At Del Rio the lowest rocks exposed belong to the Fort Worth limestone, but a short distance above Del Rio, before reaching the mouth of Devils River, exposures of the Edwards (Caprina) limestone are seen. The canyons of the Rio Grande and Devils rivers in this vicinity are cut through it. It is a whitish limestone and occurs in thick ledges.

FORT WORTH LIMESTONE.

Within the breaks of the Rio Grande, on both sides of the railroad where it crosses San Felipe Creek and in the valley of the creek to the north of the railroad, are good exposures of this limestone. Macroscopically it is rather soft, chalky, and argillaceous, and possesses a minutely granular or subflocculent texture. Its color when freshly broken is white or whitish, with a yellowish tinge, due to the presence of ferruginous matter. It weathers to a grayish or yellowish color. The fossils which it contains are frequently ferruginous replacements. Microscopically the limestone is composed of minutely crystalline calcite and much flocculent (argillaceous) Material. Foraminifera belonging to the Globigerina and Nodosaria types are present in very great numbers.

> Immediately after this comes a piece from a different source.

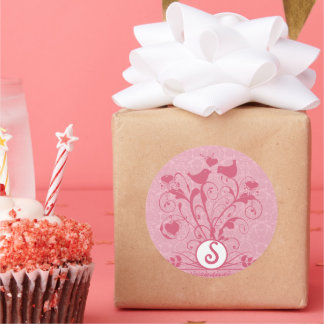 Pegatina Redonda Monograma Boda Pájaros Corazones Swirls Honeysuckl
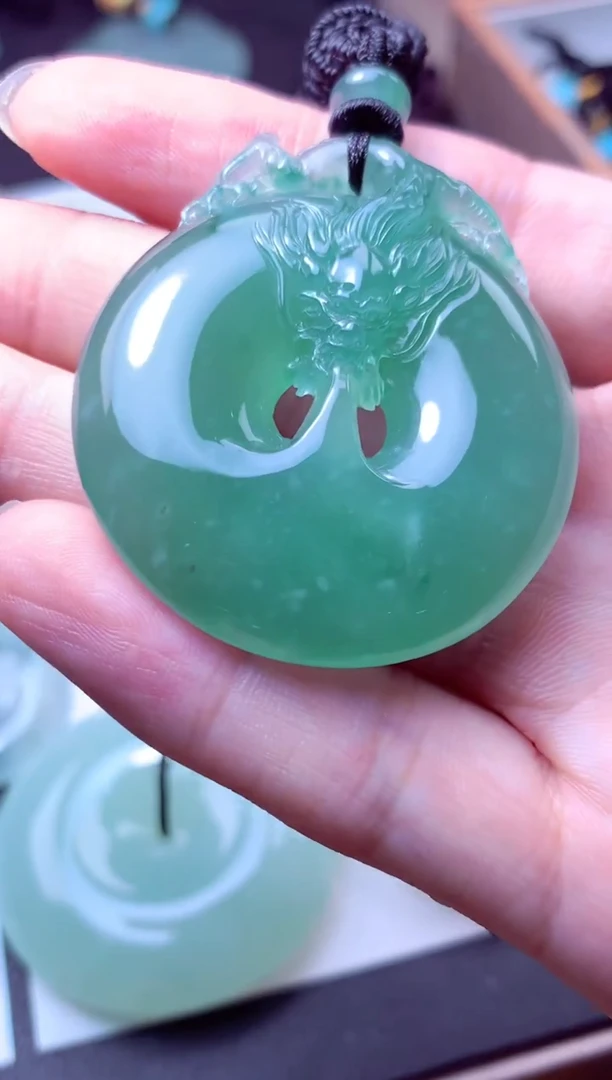 颈饰未镶嵌翡翠天然A货翡翠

Exposures aggregating a thickness of about 40 feet were seen. In its upper part the limestone becomes very argillaceous and passes into a whitish clay which lies at the base of the Del Rio ( Exogyra arietina) clay.

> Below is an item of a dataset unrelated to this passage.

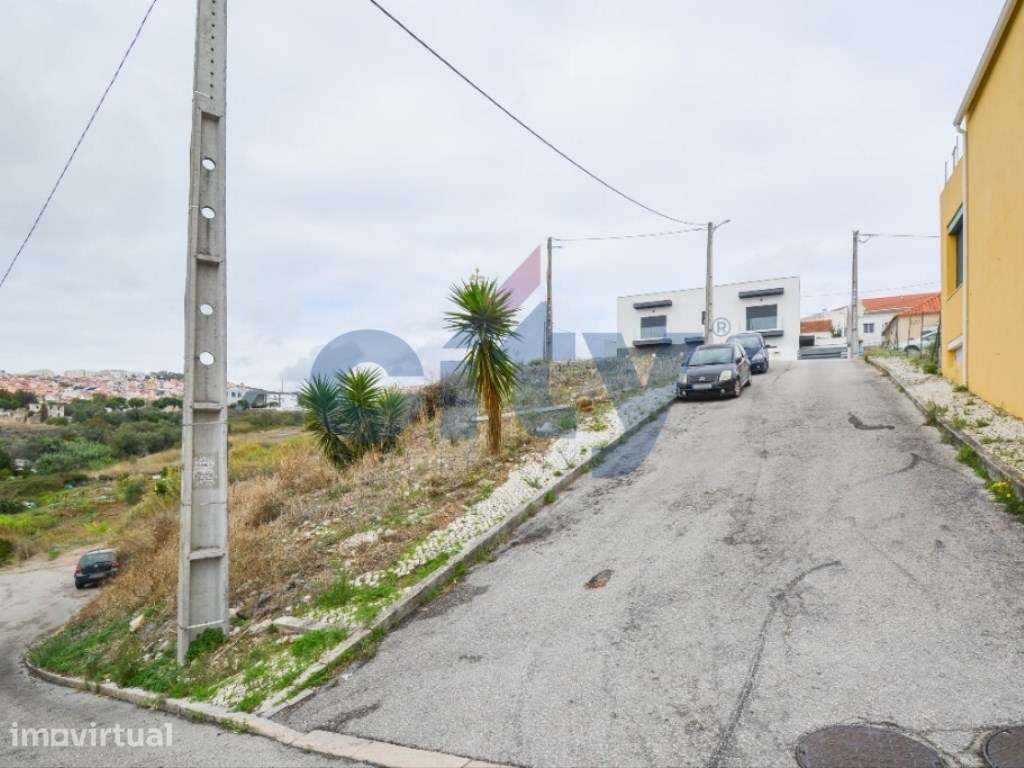 Terreno Urbano em Famões - Odivelas - Grande imagem: 5/16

The Valverde County court-house and jail are built of this limestone. Through it the San Felipe Springs burst forth. the water coming up along a system of joint planes.

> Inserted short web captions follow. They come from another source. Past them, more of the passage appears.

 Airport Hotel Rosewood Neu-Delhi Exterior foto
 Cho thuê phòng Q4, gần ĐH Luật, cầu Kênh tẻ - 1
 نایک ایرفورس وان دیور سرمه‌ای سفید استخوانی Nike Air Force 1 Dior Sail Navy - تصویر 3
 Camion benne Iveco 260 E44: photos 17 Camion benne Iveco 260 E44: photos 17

The following fossils were obtained near the San Felipe Springs (locality No. 269):

Enallaster texana (Roemer). Kingena wacoensis (Roemer). Rhynconella ? sp. Ostrea (Alectryonia) sp. Lima, two species, probably undescribed. Neithea occidentalis Conrad. Inoceramus sp., small fragmentary specimens. Nemodon, two distinct species, undescribed. Cardium sp. Thracia sp.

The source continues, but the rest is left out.